Después de marear la perdiz como lo hizo, intentando ganar consenso a partir de la resolución de la Unión Europea, para luego expresar de forma clamorosa en las Azores su adhesión a la intervención de Bush, y acabar quedando fuera del vértice guerrero cuando las cosas se han puesto serias, resulta visible para todos que están totalmente fuera de lugar tanto su tono prepotente como las acusaciones contra una oposición que cumple la labor que le corresponde.

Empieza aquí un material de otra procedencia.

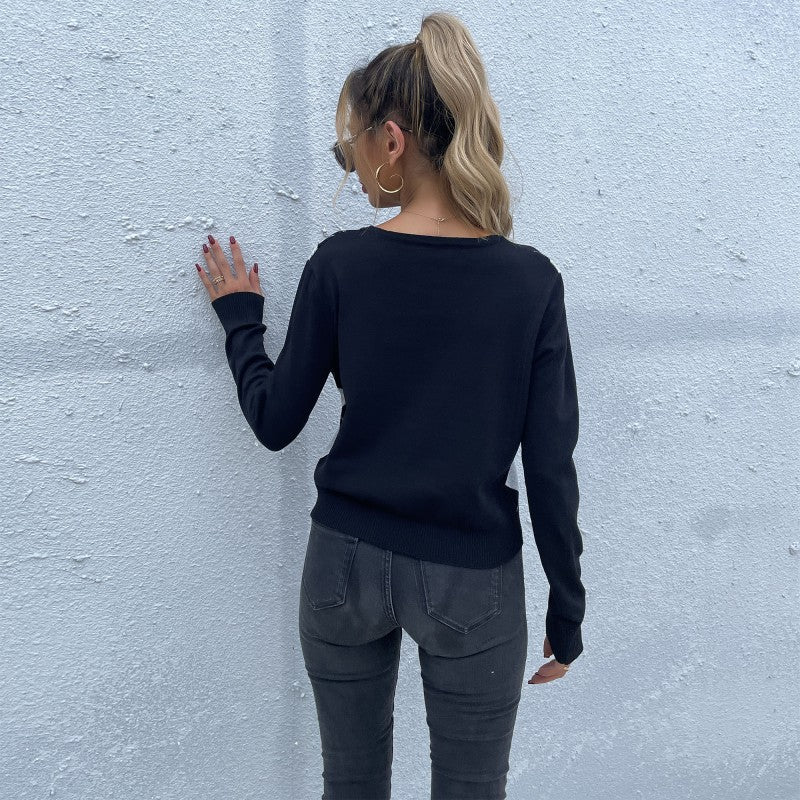 Long-sleeved argyle knit sweater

¿A qué viene seguir esgrimiendo el antecedente de Kosovo contra Zapatero cuando hasta el último español sabe que allí estaba perfilándose una limpieza étnica, demasiado creíble tras lo sucedido en Bosnia, y ello nada tiene que ver con la coyuntura de Irak, ya que Sadam no estaba atacando a nadie? Incluso el intento de evitar la palabra maldita, "guerra", a la que ha contribuido de modo decisivo, con el olvido recurrente de las víctimas que la intervención militar está produciendo, refuerza esa sensación generalizada de que el comportamiento de Aznar no sólo es censurable, sino que en el fondo y en la forma se ha convertido en odioso.
Incluso a quienes la persona política de Aznar y el Partido Popular no nos merecen excesivas simpatías, esa situación debe preocuparnos. Es cierto que el desagrado de la opinión en este caso, unido al antecedente del Prestige, provocará un descenso de votos que puede servir de prólogo al relevo en el poder en 2004. Pero antes hay demasiadas cuestiones pendientes como para olvidar el enorme coste que puede tener una confrontación como la actual.
La política se ha de basar en elecciones racionales de los actores del sistema y las mismas requieren un fondo de consenso al abordar los temas capitales. Así, en la cuestión vasca, de entrada un previsible descenso de votos populares, conjugado con la más que probable subida del voto a PNV-EA, puede tener en mayo la penosa consecuencia de que los nacionalistas dominen las tres capitales, e incluso la Diputación de Álava, sentando las bases para una aprobación ulterior del Plan Ibarretxe por el Parlamento y la sociedad de Euskadi. Los acuerdos PSOE-PP serán difíciles en los ayuntamientos, y sobre todo faltará el entendimiento para afrontar conjuntamente el reto a la Constitución y el Estatuto que el Plan supone. Con descalificaciones como las que suelen prodigar Aznar y Arenas únicamente se siembra el terreno para que en el socialismo vasco prosperen los planteamientos de Elorza (por supuesto, Odón: esta vez no te apoyo), Eguiguren y Zabaleta.
Y está Cataluña. Las formas son otras, pero la influencia del secesionismo abertzale resulta evidente, en la medida que tanto Maragall como Mas, con unas u otras palabras, plantean una versión reducida de proceso constituyente catalán en la búsqueda de un "nuevo Estatuto". El problema no es aquí la conveniencia de reformar el vigente, lo cual sería perfectamente aceptable desde supuestos democráticos, si no se tratara de yuxtaponer la propia reforma a la segregación vasca y si no se apuntase inequívocamente a un régimen confederal, a pesar de la etiqueta de federalismo. Y desde hace dos siglos ninguna confederación ha funcionado a nivel mundial.
Una cosa es que la Constitución no sea de piedra, como se ha escrito, y otra que sea de goma elástica. De no planear sobre todo el espectro del Estado libre vasco, el debate debería abrirse ya, y lógicamente con participación de los partidos constitucionales españoles, forzados hasta cierto punto a cerrar filas desde la diferencia. Pero con Aznar cruzando imaginariamente el Éufrates al lado de cualquier unidad de marines o de ratas desérticas no hay nada que hacer.